Je m'efforcerai, mesdames les rapporteures, de n'oublier aucun des nombreux sujets que vous venez d'évoquer.
Sur la compensation, nous devons imposer des normes bien plus précises. J'ai effectivement vu, sur le terrain, des exemples affligeants. Je retiens votre proposition d'instaurer un système d'agréments, elle peut être étudiée. Nous commencerons évidemment par renforcer les contrôles, je mobiliserai pour cela les préfets par une circulaire. C'est d'ailleurs l'objet de l'une des mesures annoncées dans le plan biodiversité.
Quant aux différentes redevances sur lesquelles vous m'interrogez, je ne veux pas dévoiler les discussions en cours, mais j'y suis personnellement favorable. Nous n'avons pas encore abouti à la définition précise de leurs mécanismes, mais leur création semble inévitable.
Sur les néonicotinoïdes et le glyphosate, je pense que notre détermination à commencer à nous passer de toutes ces substances s'est considérablement renforcée. Quant aux néonicotinoïdes, vous savez que seules trois substances étaient interdites au départ, alors que maintenant toutes celles qui ont les mêmes vocations sont soumises à la même interdiction. Quant au glyphosate, je pense que, sauf à être de mauvaise foi, tout le monde a compris que la volonté du Gouvernement est de l'interdire d'ici à trois ans, sauf en cas d'impasse technologique avérée. La plupart des producteurs recourent déjà à des substituts. Non que cela leur soit facile, car cela requiert un changement d'habitudes. Trois ans, c'est à la fois long et court. Quant aux situations où l'on se heurterait à des impasses technologiques, il resterait possible de réduire l'utilisation de ces substances.
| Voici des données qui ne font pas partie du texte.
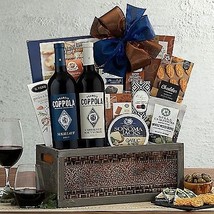 Coppola Diamond Red Duet: Wine Gift Basket - $339.55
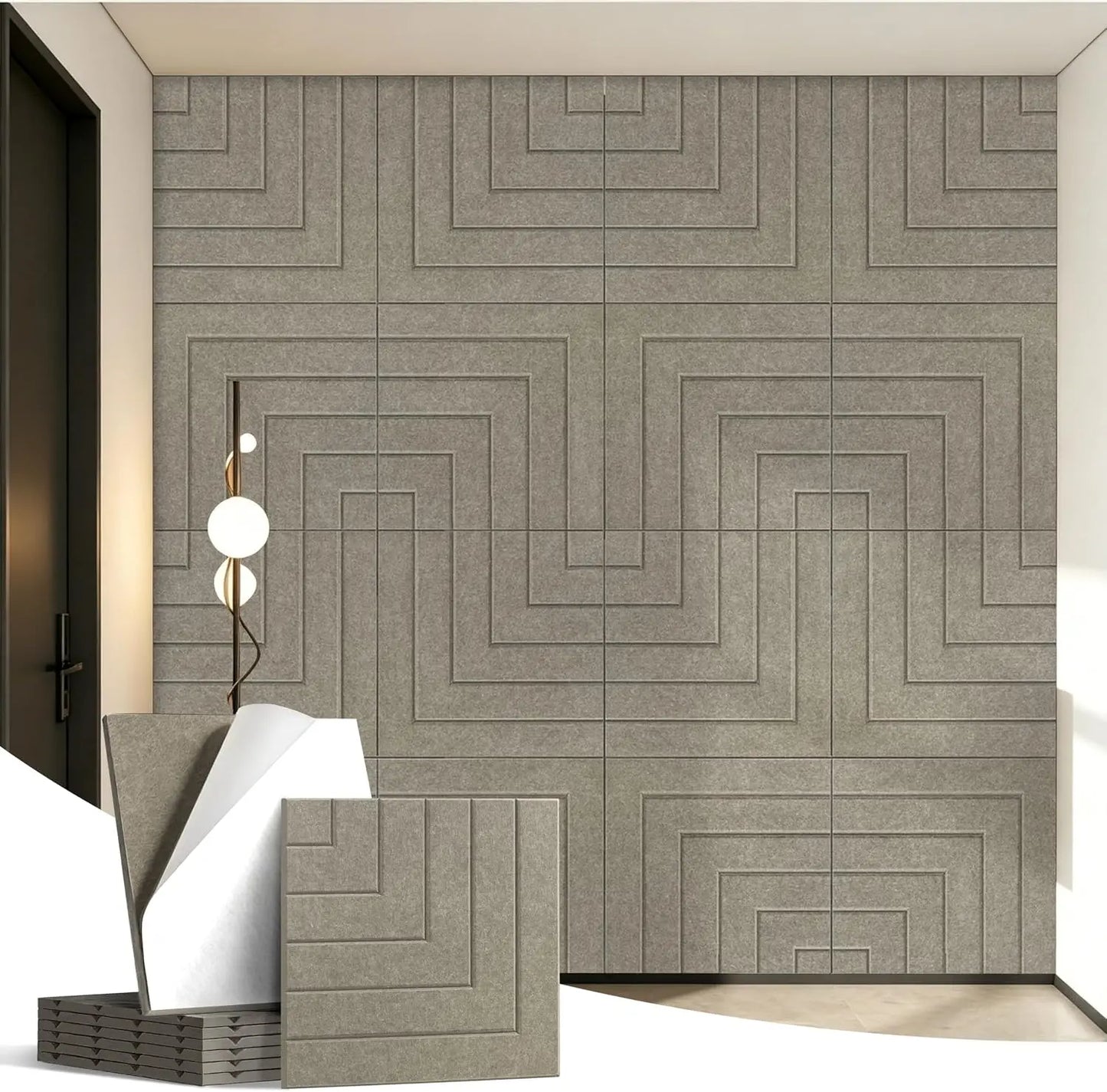 Self-Adhesive Acoustic Panels 6-Pack for Home Studio Sound Absorption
Cela vaut pour les agriculteurs, mais aussi pour la SNCF, dont je recevais hier les responsables : elle est une énorme consommatrice de glyphosate. Le problème n'est pas simple, à cause des enjeux de sécurité : il ne suffit pas de tuer les plantes, il faut atteindre leurs racines pour éviter que le ballast ne soit déstabilisé. Vous voyez, en tout cas, que j'associe toutes les parties prenantes dans cette dynamique.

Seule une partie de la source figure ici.